Record excerpts
*** Begin section ***
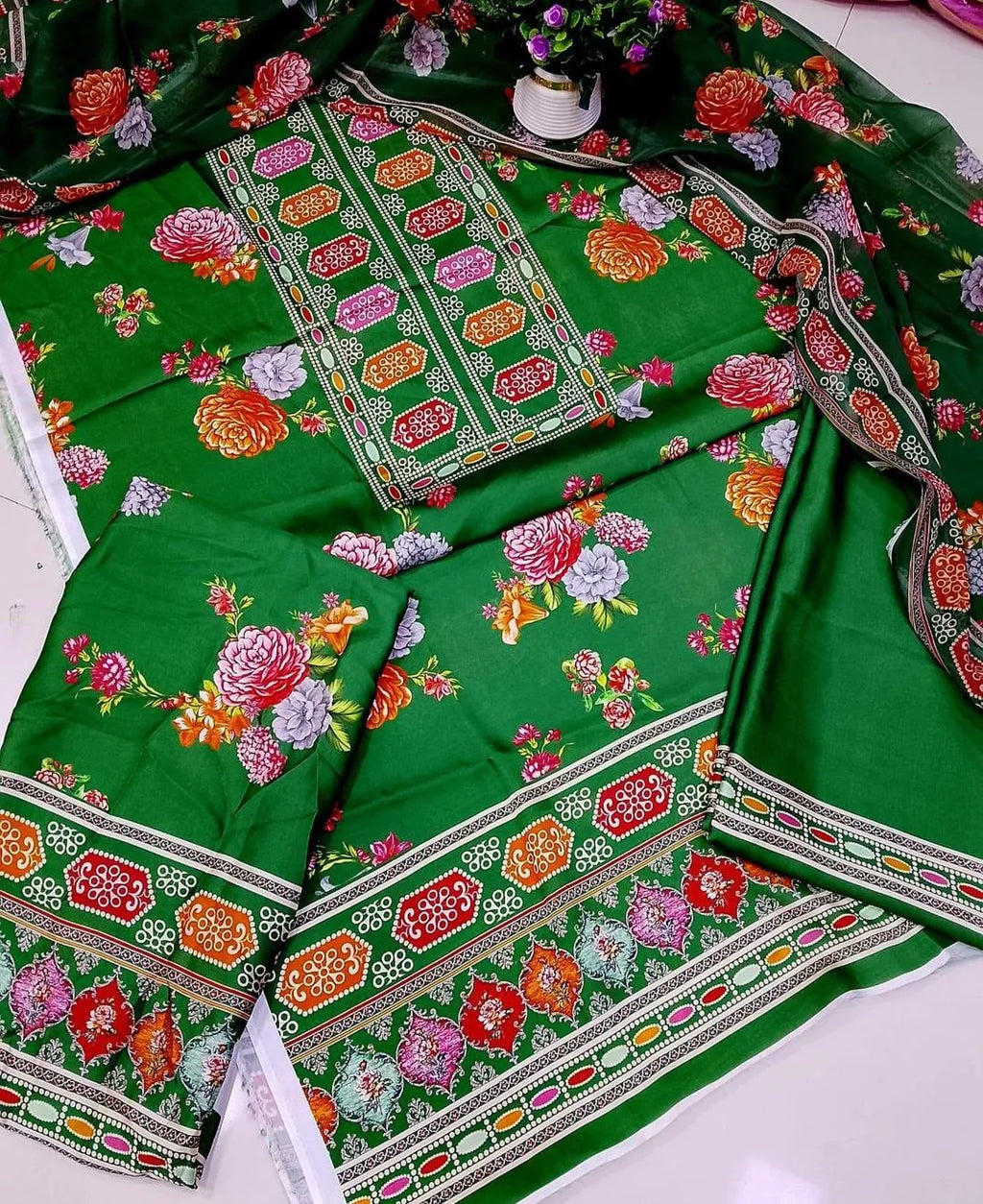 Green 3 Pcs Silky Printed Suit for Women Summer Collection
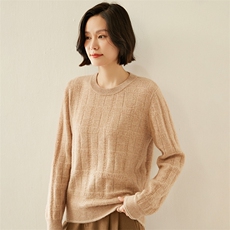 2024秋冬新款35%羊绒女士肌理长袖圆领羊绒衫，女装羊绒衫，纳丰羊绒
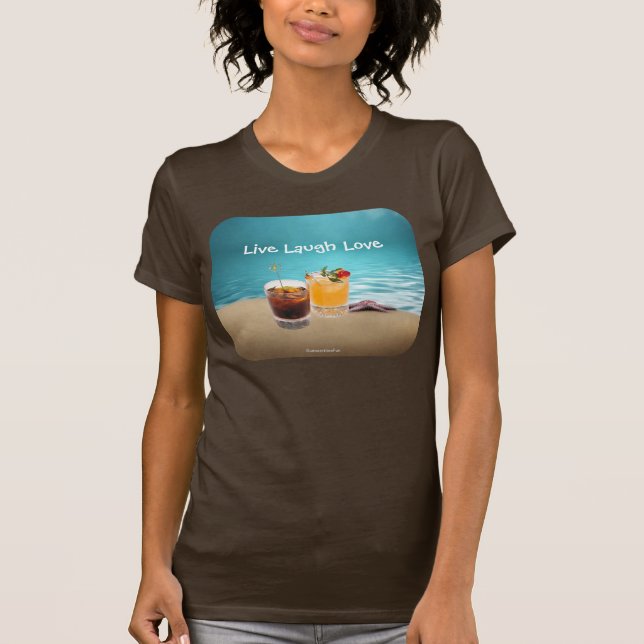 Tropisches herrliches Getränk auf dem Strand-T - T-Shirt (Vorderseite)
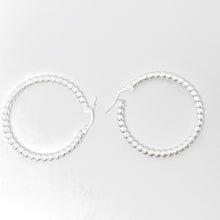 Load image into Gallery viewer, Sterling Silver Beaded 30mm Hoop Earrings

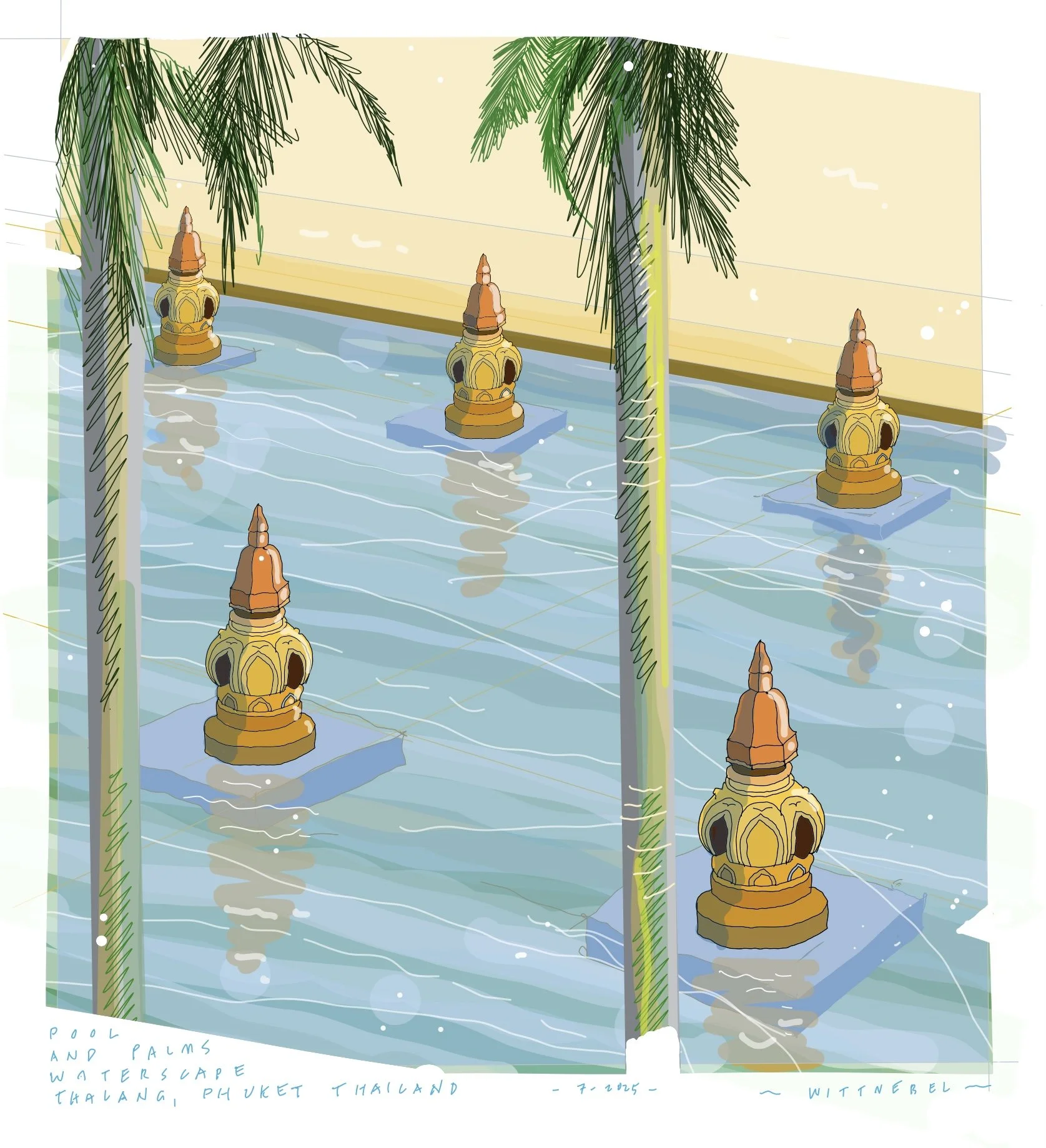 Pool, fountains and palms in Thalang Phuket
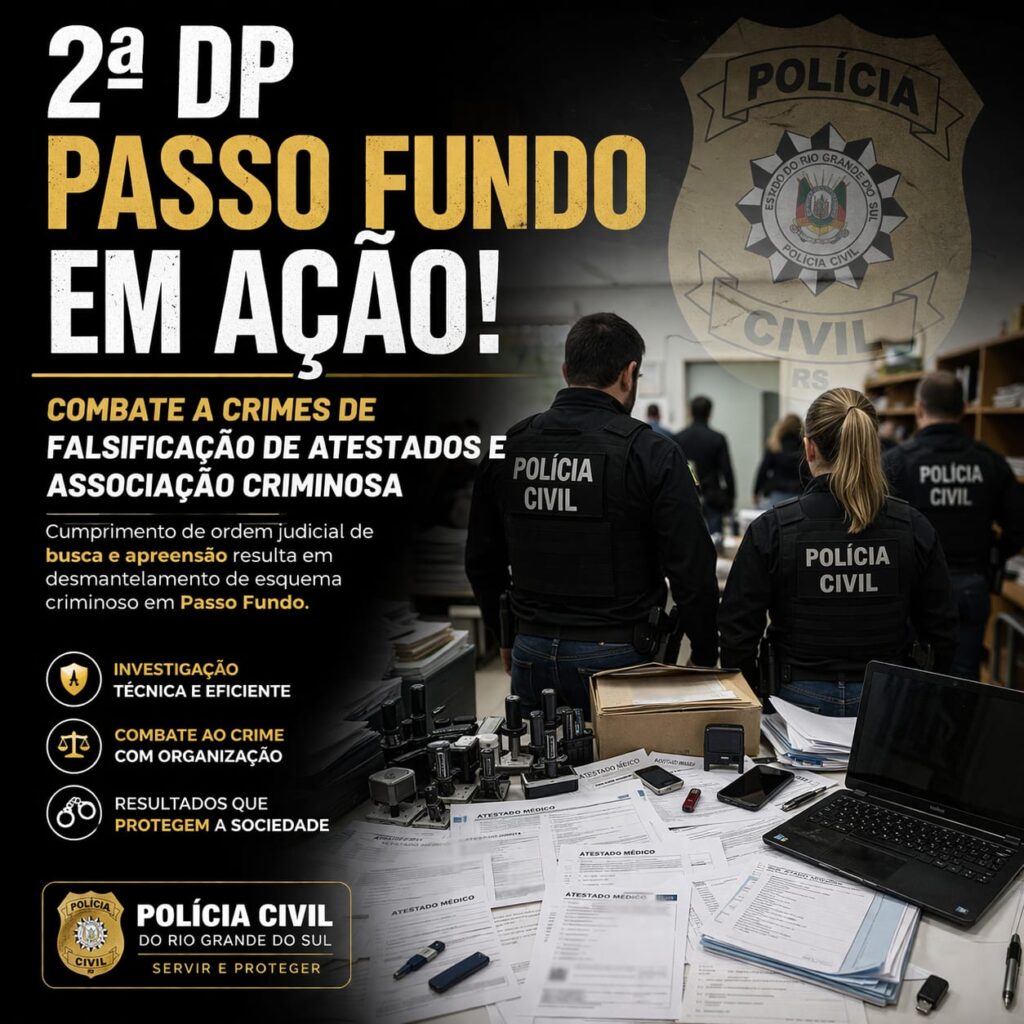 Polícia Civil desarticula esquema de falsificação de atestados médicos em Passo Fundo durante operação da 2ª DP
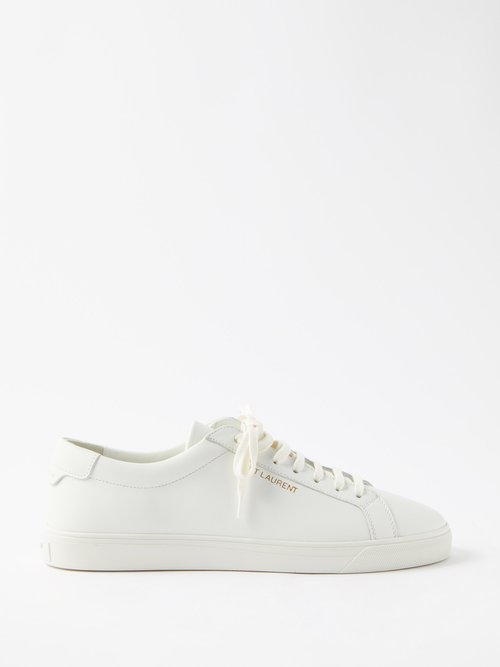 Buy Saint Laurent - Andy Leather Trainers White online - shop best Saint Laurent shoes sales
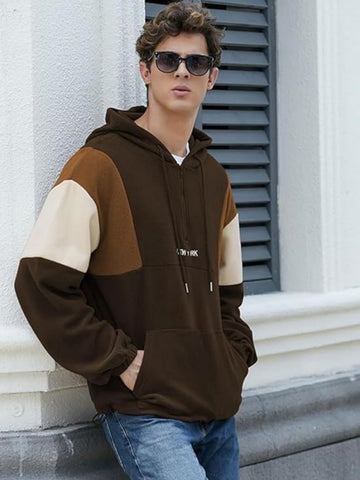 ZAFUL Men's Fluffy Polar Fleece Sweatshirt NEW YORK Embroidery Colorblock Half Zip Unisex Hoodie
*** End section ***
Task directions
Go through the data above and print exactly the lines from its first line through the line holding "Polícia Civil desarticula", both included, leaving pictures aside.

Finished task
 Green 3 Pcs Silky Printed Suit for Women Summer Collection
 2024秋冬新款35%羊绒女士肌理长袖圆领羊绒衫，女装羊绒衫，纳丰羊绒
 Tropisches herrliches Getränk auf dem Strand-T - T-Shirt (Vorderseite)
 Load image into Gallery viewer, Sterling Silver Beaded 30mm Hoop Earrings

 Pool, fountains and palms in Thalang Phuket
 Polícia Civil desarticula esquema de falsificação de atestados médicos em Passo Fundo durante operação da 2ª DP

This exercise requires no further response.